### SUPPLIED MATERIAL

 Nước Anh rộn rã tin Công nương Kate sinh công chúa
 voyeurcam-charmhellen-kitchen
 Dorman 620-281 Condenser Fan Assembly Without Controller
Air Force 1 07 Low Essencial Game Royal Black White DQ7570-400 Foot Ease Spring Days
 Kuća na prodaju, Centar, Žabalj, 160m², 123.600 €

==

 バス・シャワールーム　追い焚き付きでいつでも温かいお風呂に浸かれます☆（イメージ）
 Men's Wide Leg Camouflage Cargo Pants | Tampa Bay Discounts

### THE PROBLEM
Would you print, exactly as written, every line above from the one holding "Air Force 1" through the one holding "Kuća na prodaju, Centar, Žabalj, 160m², 123.600", with both included and no other lines?

### RESULT OF THIS TASK
Air Force 1 07 Low Essencial Game Royal Black White DQ7570-400 Foot Ease Spring Days
 Kuća na prodaju, Centar, Žabalj, 160m², 123.600 €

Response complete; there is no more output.